The leader of the main right-wing nationalist party (VMRO-DPMNE), Georgevski, only agreed to the Framework Agreement under great duress. He has previously argued for a full military crackdown against the NLA.

As Macedonians become increasingly angry over what they perceive as a sell-out to Albanians, he may come out openly against the agreement and try to champion a rise in virulent nationalism. NATO clearly will not be a long-term stabilising influence; on the contrary, the military presence will be one of the main factors leading to ethnic and social convulsions and economic disaster.

Capitalist interests

BEHIND THE Western "alliance effort" each capitalist power has its own agenda and attempts to cultivate local clients. There are rich spoils to be won in the region. All eyes are on plans to establish a major oil pipeline from the Caucasus to the Adriatic Sea.

But none of the potential huge profits from this project or any other big business exploitation of the Balkans will be used to transform the living standards of the region’s peoples.

Since the collapse of the ex-Yugoslavia and the reintroduction of the market economy, the local economies have collapsed.

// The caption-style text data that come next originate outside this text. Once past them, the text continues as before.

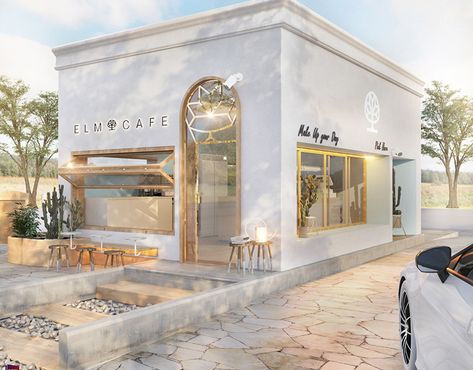 White Cafe,, Coffee and Ice Cream shop on Behance Drive Through Cafe Design, Cafe Outerior Design, All White Coffee Shop, Cool Storefront Design, White Storefront Design, Toko Ice Cream, Drive Through Coffee Shop Design, Cafe Ideas Interior, Ice Cream Cafe Interior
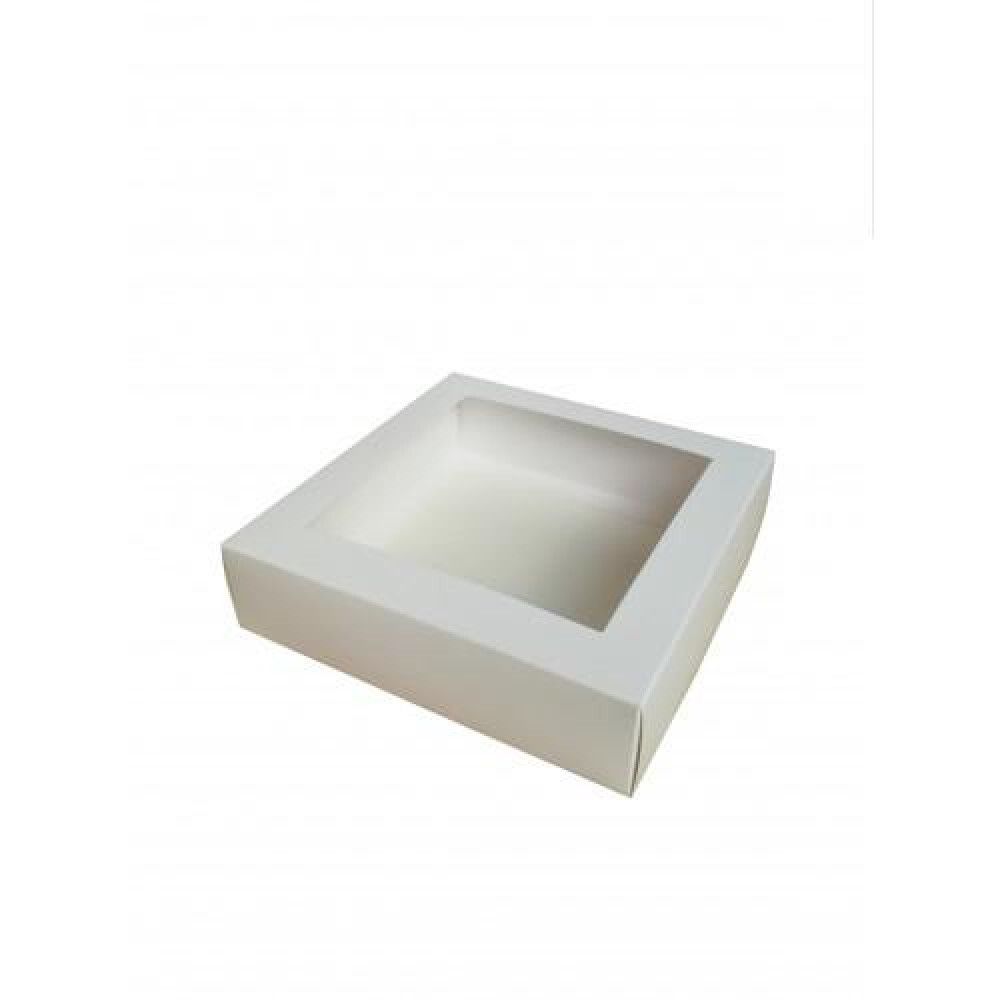 Коробка для десертов с окном белая 19х19х3 см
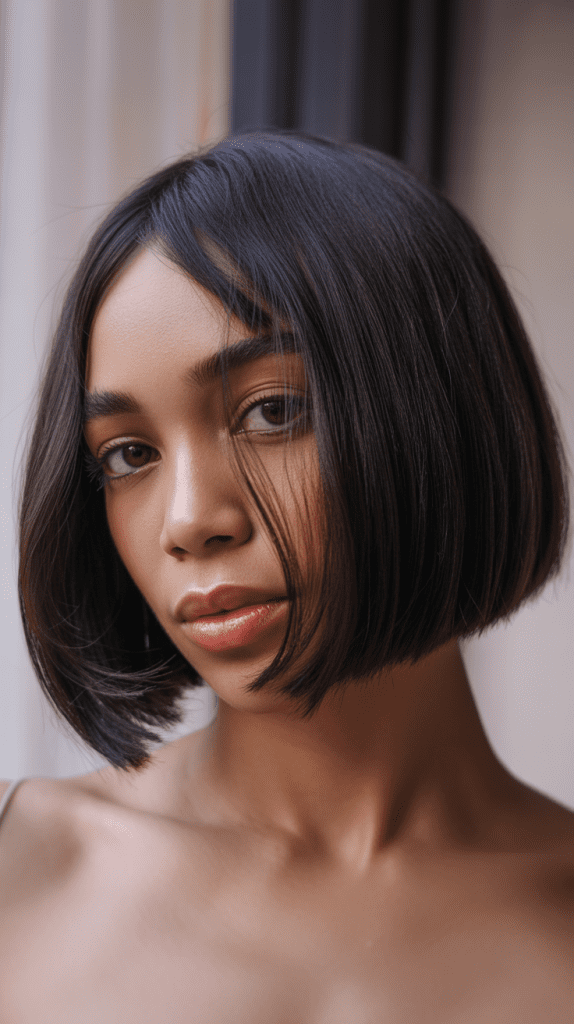 Side-Swept Bangs with Bob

In Macedonia an incredible 45% of the population are unemployed or underemployed.

Poverty is the breeding ground for reactionary ethnic politics. The main Albanian and Macedonian parties base themselves on the continuing divisions of the working class. Their ’coalition government’ is a free-for-all over the proceeds from selling off state assets. The NLA demand to be incorporated into administrative structures shows they also want a piece of the cake.

As Macedonia looks set to become another Western ’protectorate’ the policies of privatisations, welfare cuts, and attacks on working conditions will all be speeded up.

Clearly, the working class needs its own independent organisations to fight for its class interests. To achieve this means, for example, building on the series of strikes that have taken place this year involving both Albanian and Macedonian workers.

Only workers’ unity and a socialist programme can cut across ethnic and national divisions and fight for full rights for all minorities. A mass movement of the working class alone can expel the big powers from the region, overthrow the local capitalist elites, and build a democratic socialist society.